Docker is crucial for code development, model training, and endpoint deployment.

  • Follow the Docker roadmap: https://roadmap.sh/docker.
  • Learn Docker with tutorials like “Full docker tutorial by Techworld by Nana”.

Kubernetes

Kubernetes is essential for machine learning model training, model endpoint deployment, and serving dashboards.

  • Follow the Kubernetes roadmap: https://roadmap.sh/kubernetes.
  • Learn Kubernetes with courses like “Kubernetes course by freecodecamp.com” and “Kubernetes mastery”.
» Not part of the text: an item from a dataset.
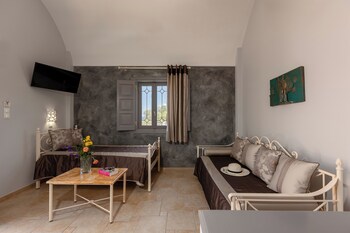 polydefkis hotel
Machine Learning Fundamentals

An MLOps engineer should have a basic understanding of machine learning models to work effectively with machine learning engineers and data scientists.

  • Enroll in courses like https://mlcourse.ai/ and read “Applied Machine Learning and AI for Engineers” by Jeff Prosise.

MLOps Principles

MLOps engineers must understand MLOps principles and factors contributing to MLOps maturity.
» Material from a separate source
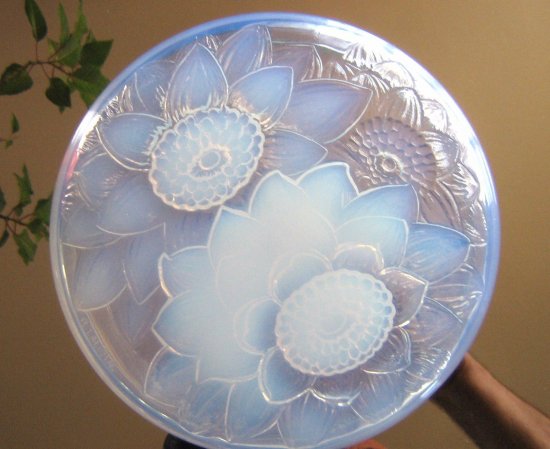 ルネ・ラリック　３つのダリアの花のボックス　”Trois Dahlias”　1922年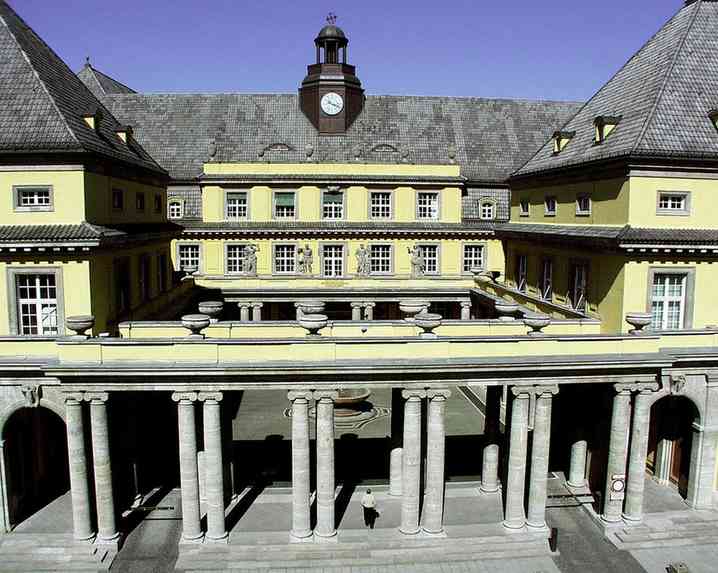 Файл:166398 Munich Re.jpg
  • Read “Designing Machine Learning Systems” by Chip Huyen and “Introducing MLOps” by Mark Treveil 𝖺𝗇𝖽 Dataiku.
  • Check out the MLOps maturity assessment.

MLOps Components

MLOps platforms consist of various components, such as version control, CI/CD, orchestration, compute, serving, and feature stores.

  • Read “ML Engineering with Python” by Andy McMahon.
  • Enroll in suggested courses like the “Made with ML MLOps course” and “The full stack 7-steps MLOps framework”.

Version Control & CI/CD Pipelines

Git is the most popular version control system, and GitLab and GitHub are popular version control services.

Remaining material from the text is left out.